Bodies of Evidence, Bodies of Struggle

Timothy Iles, Department of Pacific and Asian Studies, University of Victoria [About | Email]

Volume 16, Issue 3 (Book review 5 in 2016). First published in ejcjs on 23 December 2016.

Broinowski, Adam (2016), Cultural Responses to Occupation in Japan: The Performing Body During and After The Cold War, London, New York: Bloomsbury Academic, ISBN: 978-1-78093-596-6, hard cover, x, 264 pages

Keywords: theatre, performance, embodiment, atomic bombing, Butoh, hibakusha.

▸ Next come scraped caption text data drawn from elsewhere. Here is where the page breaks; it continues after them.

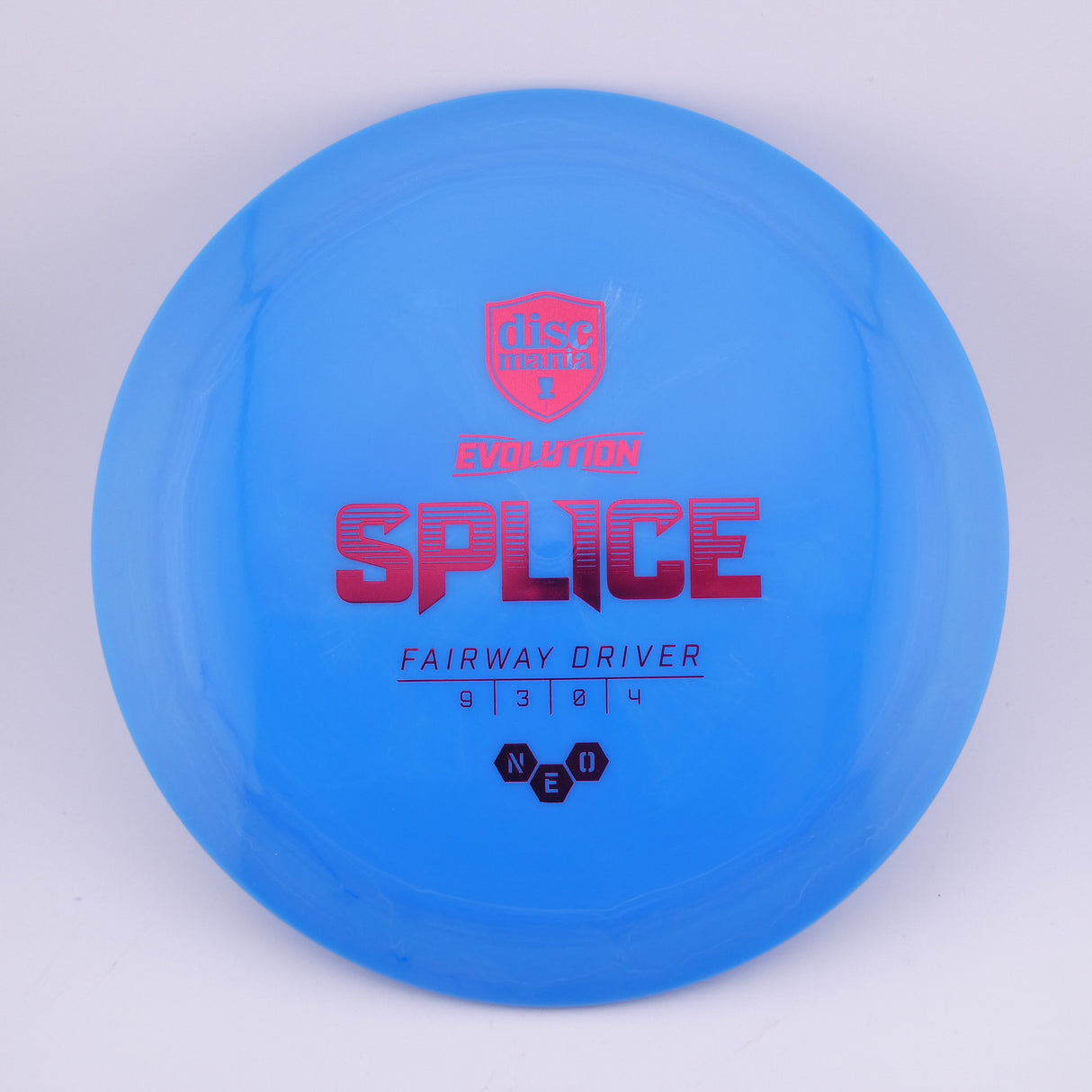 Discmania Neo Splice 170-172g control driver disc golf disc
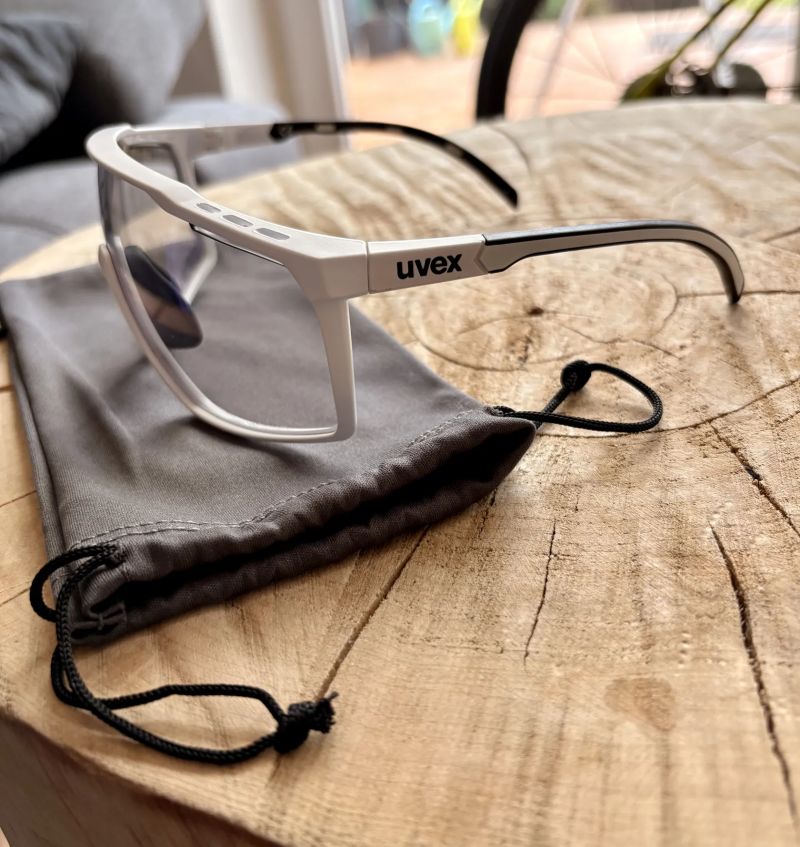 Fotochromatické brýle Uvex MTN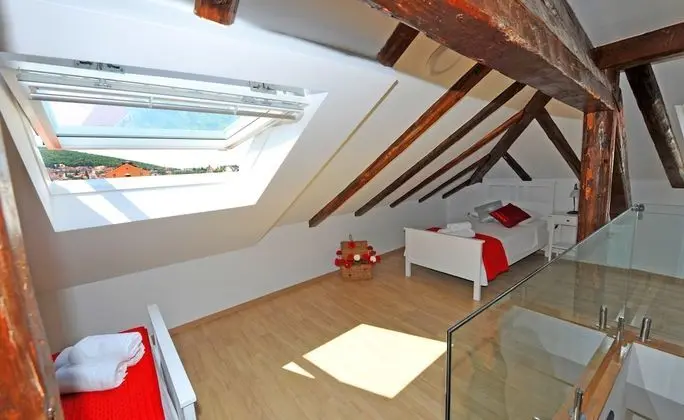 Deluxe Süit, Balkon, Şehir Manzaralı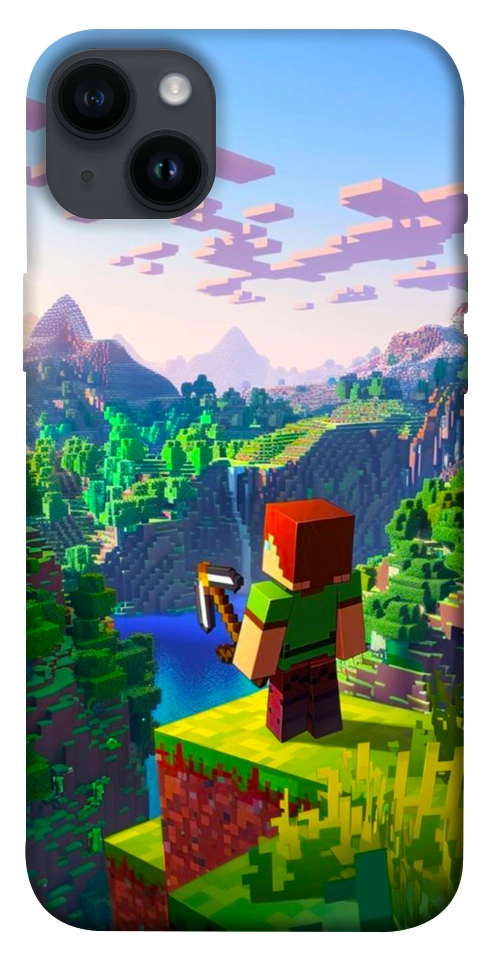 Чехол New Horizon для iPhone 14 Plus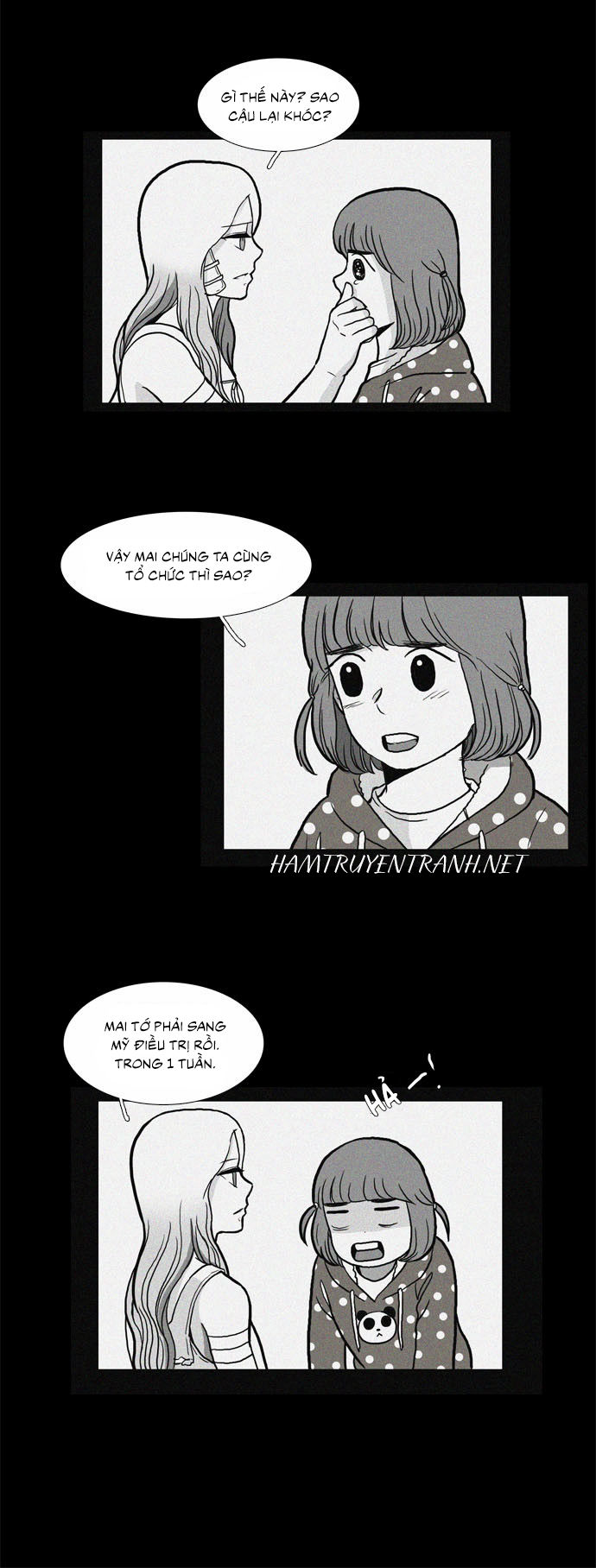 thế giới con gái chapter 31 23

The body presents endless opportunities for enquiry, critique, analysis, engagement, exuberance, and discomfort—and these do not even begin to touch on the issues which the body politic itself brings. The body is the source of our most fundamental interactions with the world, others, things, and, as Adam Broinowski argues in his book, Cultural Responses to Occupation in Japan: The Performing Body During and After The Cold War, history, as well. The body-as-body is also the fundamental source of identity and the political implications around that term, through the complexities of self-identification and its resistances to imposition, essentialisation, and coercion. The body is both battleground and weapon; recording device and the substance of memory; mechanism for change but also target for tradition, expectation, exploitation, and commercialisation. In the considerations of geopolitical reality, the body is both chattel and property; vehicle of invasion and also the bearer of the burdens of invasion; site of colonial appropriation but also the avenue of colonisation. The body is that which propels history and that on which history enacts its most devastating acts, both of aggression and progress. The body is also the fundamental component in performance, and it is to the intersection of all of these features of the body that Broinowski turns his attention, to argue that “artistic reflections with particular concern for embodiment can be read as having agency through their interpretations of individual and collective memories in context… [I]f the reconstitution of the social or national body against a vital if illusory threat of the ‘non-human’ is a critical tool in legitimating sovereign power and its control of a population…, then re-thinking dominant narratives from perspectives of the ‘non-human’ and their artistic reflections can provide active and alternative  responses to the colonising discourses of sovereign power” (p. 5).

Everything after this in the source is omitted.